# Data for review:
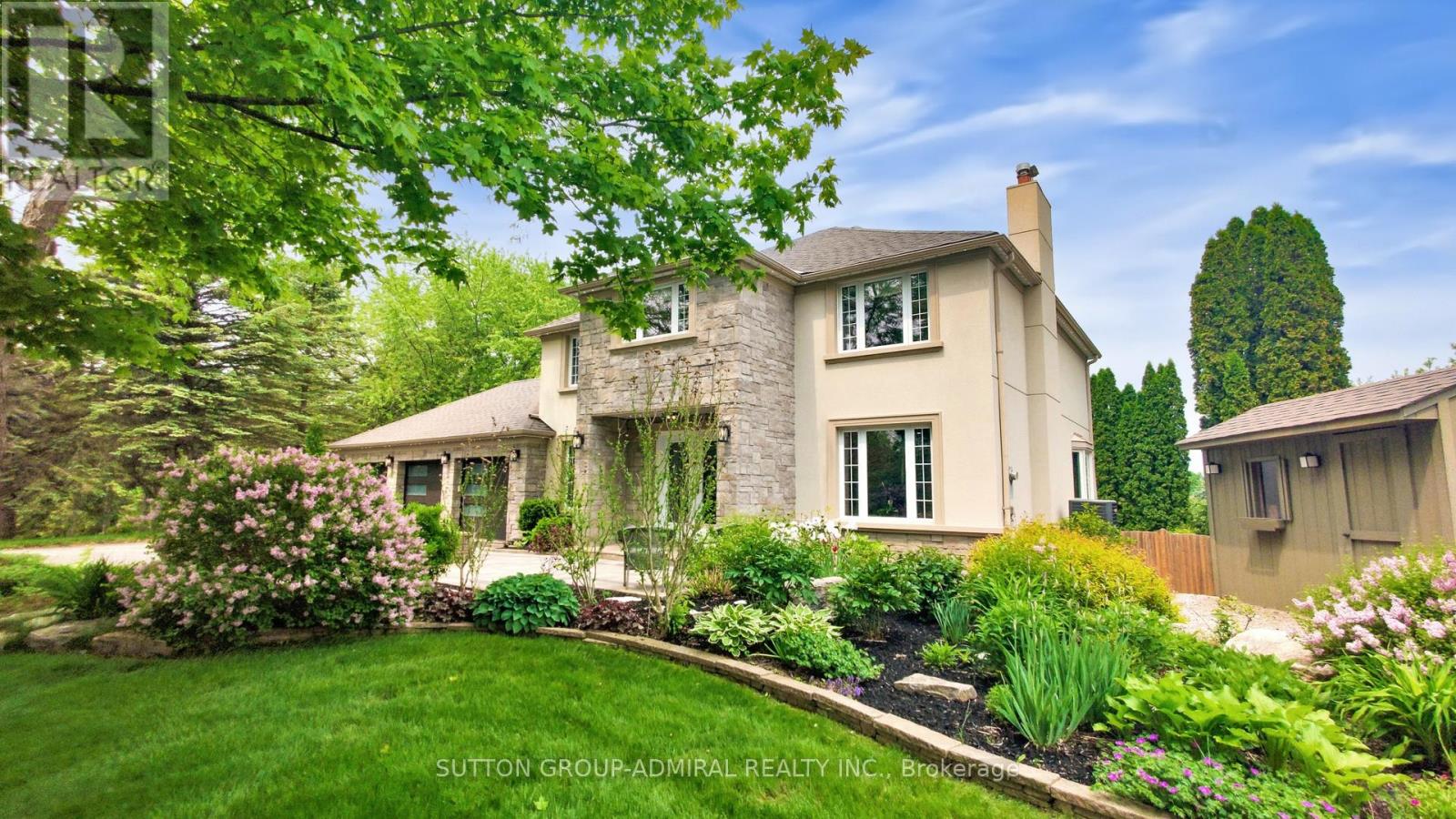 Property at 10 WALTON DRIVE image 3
* * *
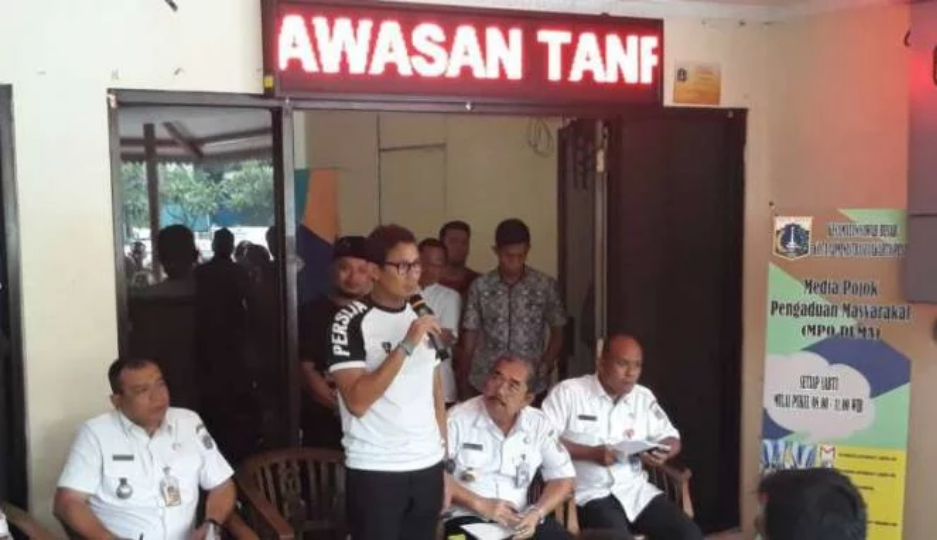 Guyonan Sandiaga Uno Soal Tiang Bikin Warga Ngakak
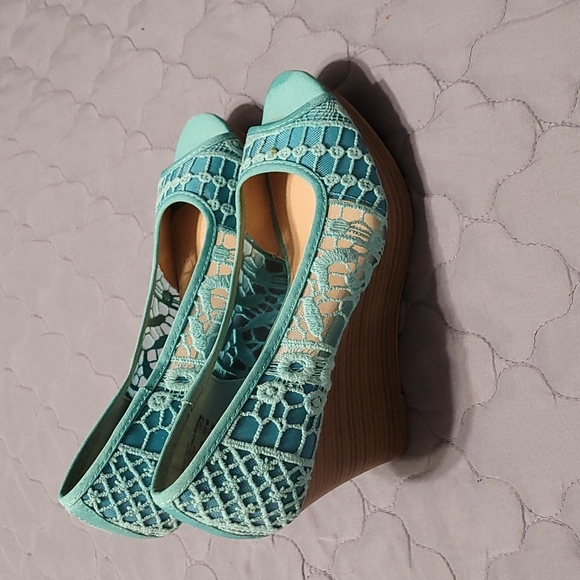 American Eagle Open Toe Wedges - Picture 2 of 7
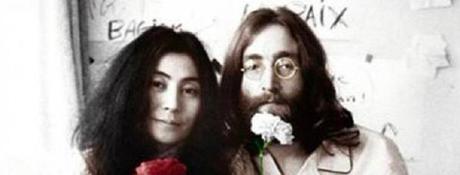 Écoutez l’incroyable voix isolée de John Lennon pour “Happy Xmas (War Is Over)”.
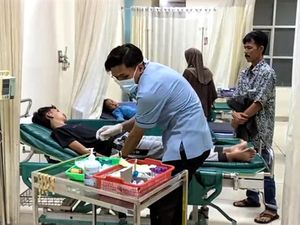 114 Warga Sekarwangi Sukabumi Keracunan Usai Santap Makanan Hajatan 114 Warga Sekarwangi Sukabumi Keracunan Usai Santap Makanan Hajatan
* * *
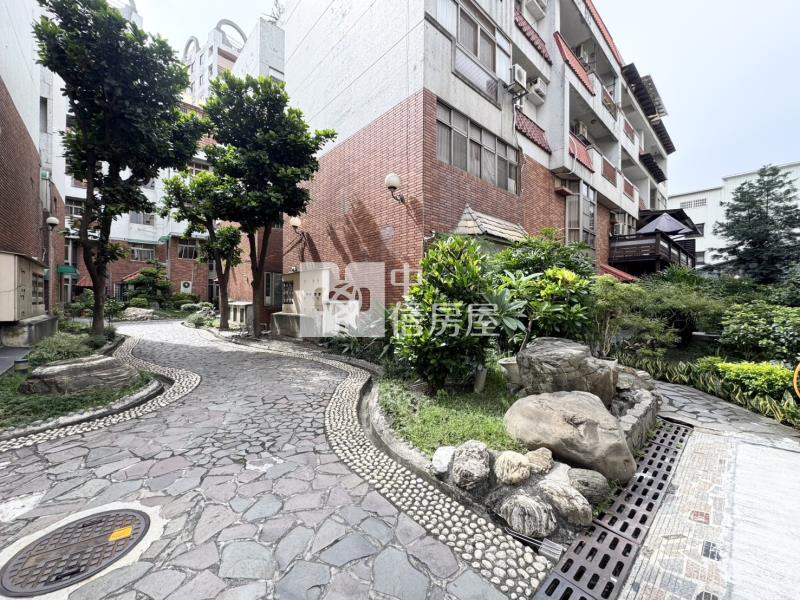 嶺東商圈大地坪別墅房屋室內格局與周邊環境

# Activity:
Starting with the line that has "Écoutez l’incroyable voix" and going on through the line that has "Makanan Hajatan 114", transcribe the records above exactly, but skip the pictures.

# Solution to the problem:
 Écoutez l’incroyable voix isolée de John Lennon pour “Happy Xmas (War Is Over)”.
 114 Warga Sekarwangi Sukabumi Keracunan Usai Santap Makanan Hajatan 114 Warga Sekarwangi Sukabumi Keracunan Usai Santap Makanan Hajatan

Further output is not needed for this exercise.